Jang Young Kyun, Kim Donghyun
Meta Platforms (United States), Menlo Park, USA.
Korea University, Seoul, Republic of Korea.
Sci Rep. 2025 Jul 28;15(1):27463. doi: 10.1038/s41598-025-07798-6.
Composed Image Retrieval (CIR) retrieves a target image similar to a reference image, guided by a provided textual modification (i.e., a triplet with<reference image, text, target image>). Previous works on CIR can largely be developed into two categories: supervised learning approaches and weakly supervised (i.e., zero-shot) learning approaches. Supervised learning CIR models require labeled triplets which may not be easily obtained and limit the widespread use of CIR and its scalability. On the other hand, a weakly supervised learning approach (also called zero-shot CIR), can be relatively easily trained with image-caption pairs without considering the image-to-image relation (i.e., no supervised triplet required), but this approach tends to yield lower accuracy.
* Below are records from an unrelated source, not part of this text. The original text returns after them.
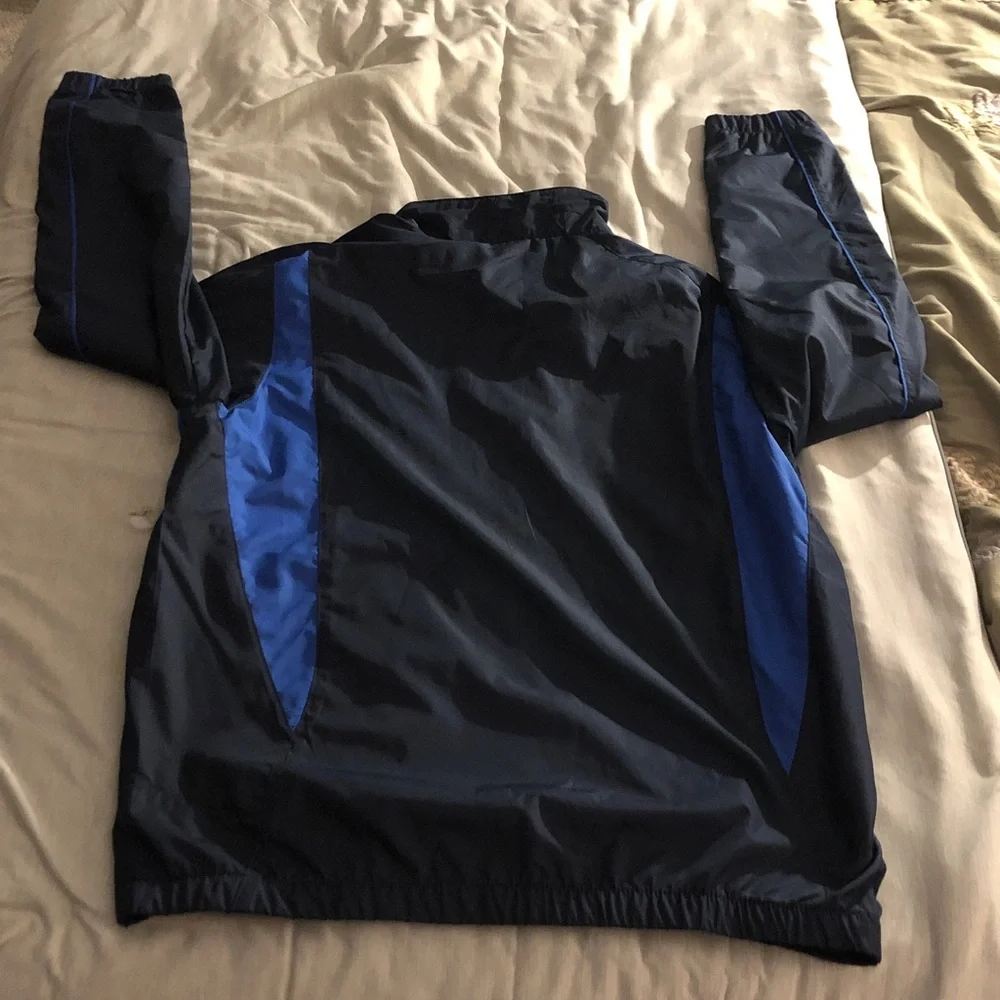 Men's Navy Blue Starter Jacket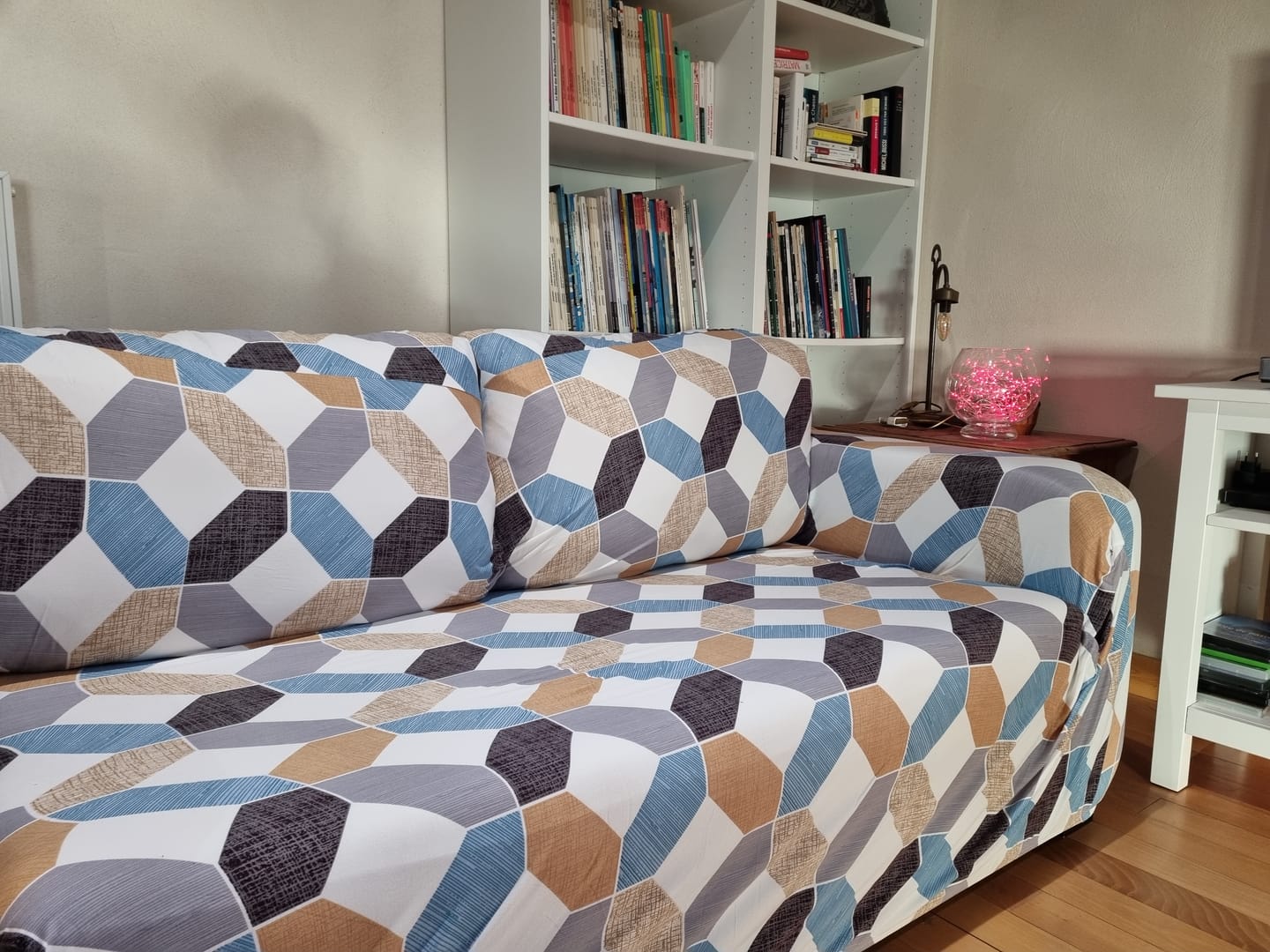Customer photo review of Garden - Housse de Canapé Extensible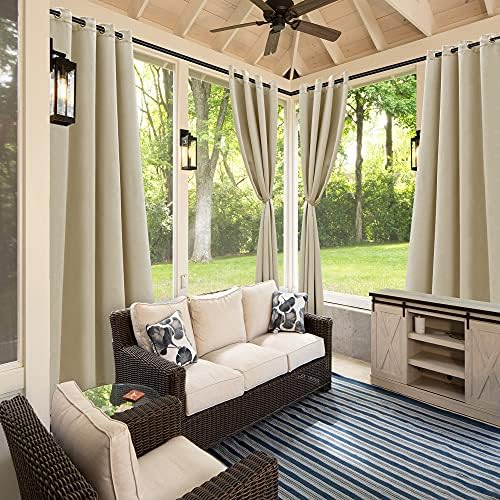 BONZER Waterproof Outdoor Curtains - Image 6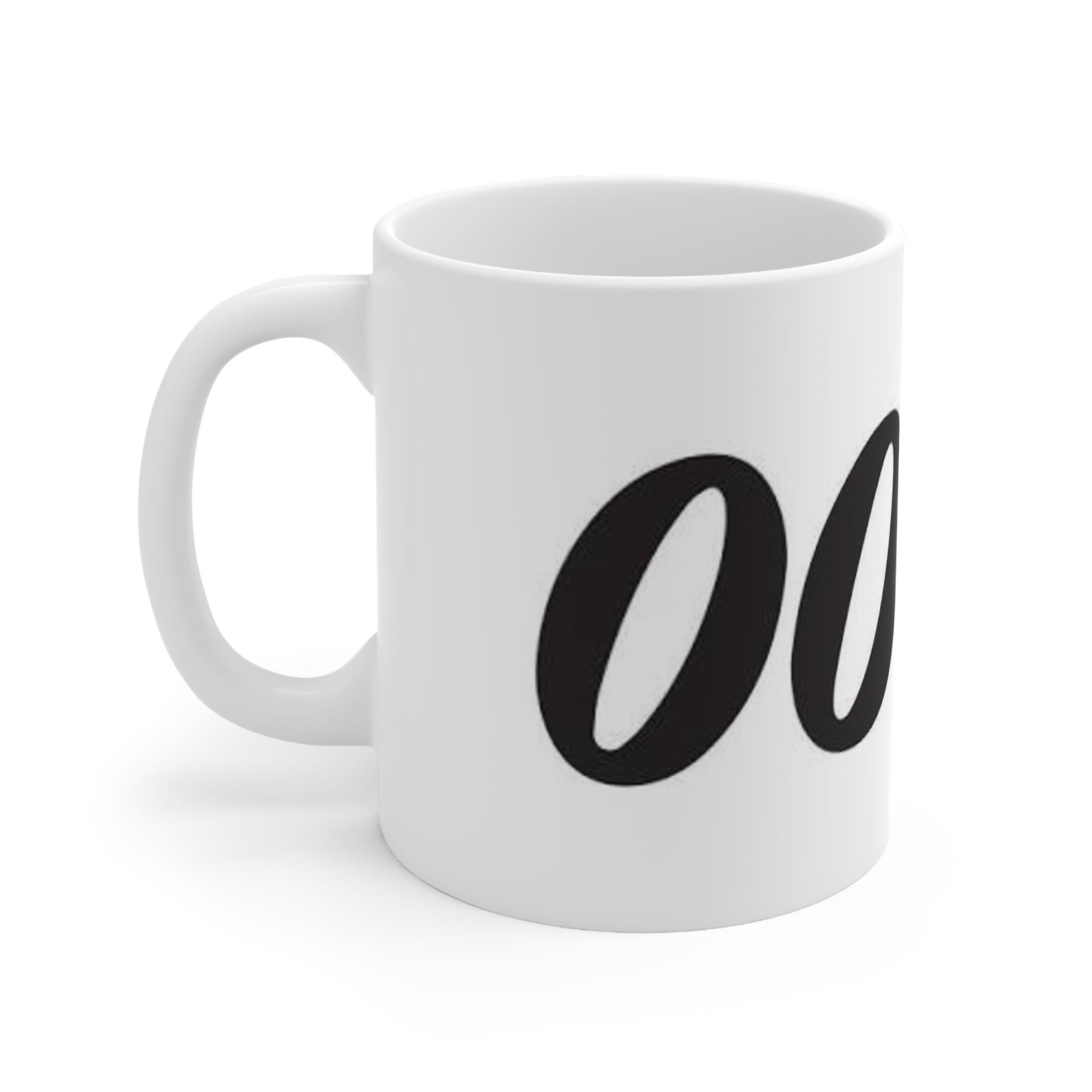 007 Logo Ceramic Coffee Mug — Spy Movie Fan Gift (11oz & 15oz)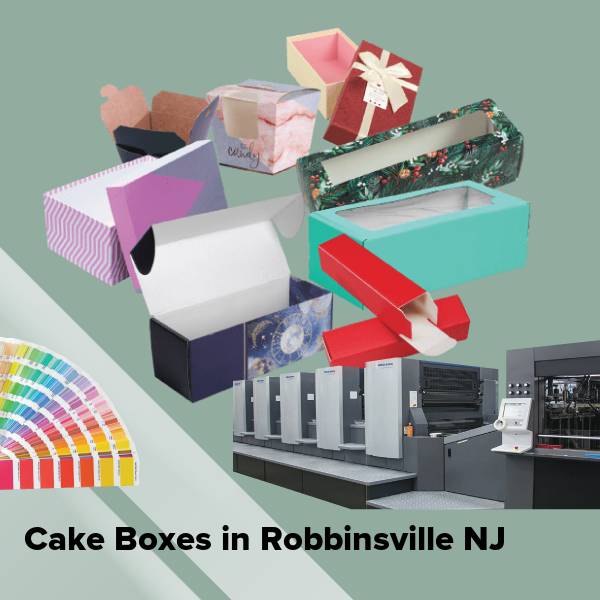 Cake boxes in robbinsville nj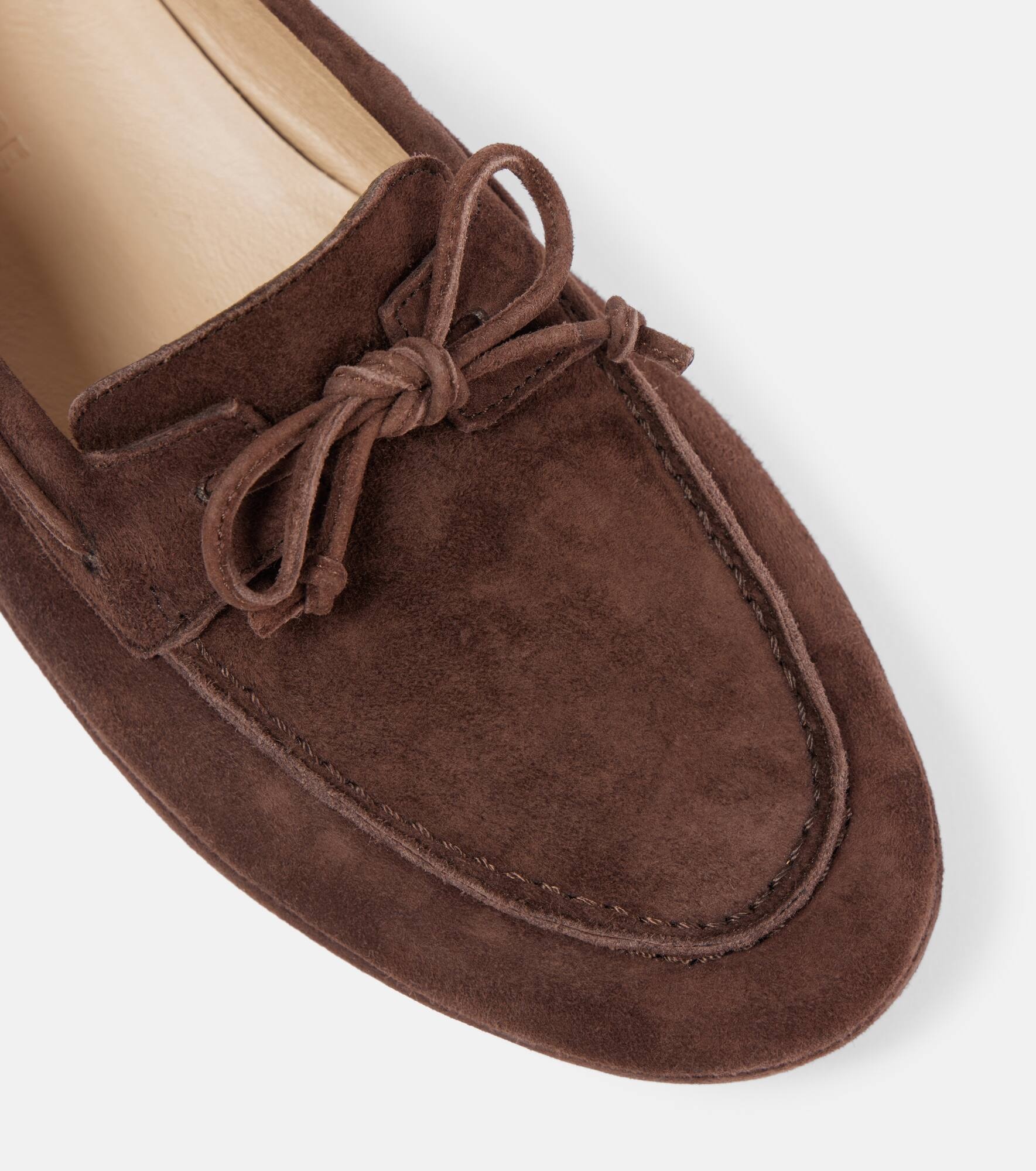 Suede driving shoes - 5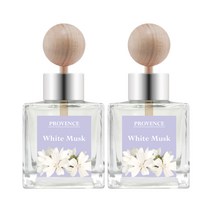 프로방스 카 디퓨저 50ml, 화이트머스크, 1개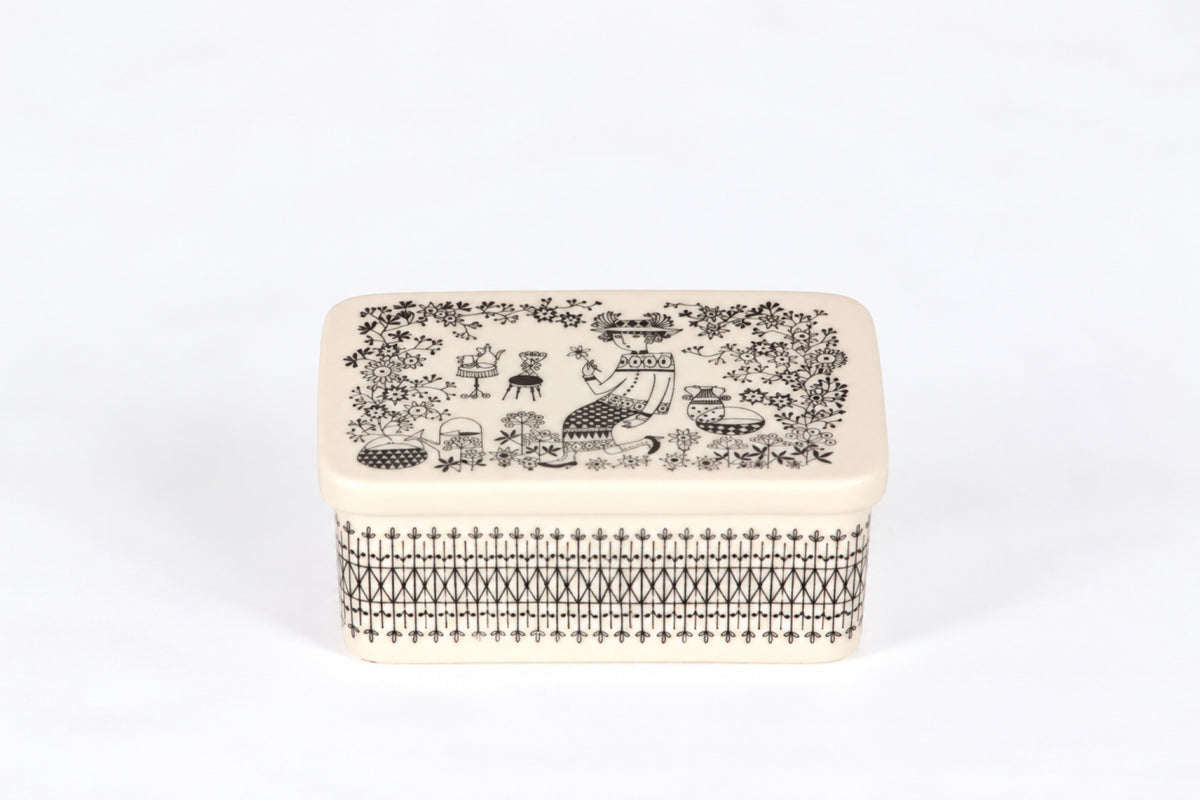 Box, KA1, Emilia, Raija Uosikkinen, Arabia, ライヤ・ウオシッキネン、アラビア, 라이야 우오시키넨, 아라비아 - Royal SiO2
In this paper, we extend the application of existing Composed Image Retrieval (CIR) into semi-supervised learning, domain adaptation, and test-time adaptation contexts by exploiting only unlabeled image data. Previous approaches cannot be directly applied to these settings, as it is not trivial to leverage fully unlabeled data for CIR. To address this, we propose a new approach and settings where we identify a reference image and its associated target images in auxiliary image data. Our method involves training a large language model-based Visual Delta Generator (VDG) to produce textual descriptions of the visual differences (i.e., visual deltas) between these images. VDG, equipped with fluent language knowledge and being model agnostic, can generate pseudo-triplets to boost the performance of CIR models in diverse settings including semi-supervised CIR, domain adaptation, and test-time adaptation. Our approach significantly not only improves the existing supervised learning approaches and achieves state-of-the-art results on the CIR benchmarks but also expands the application of CIR across diverse settings.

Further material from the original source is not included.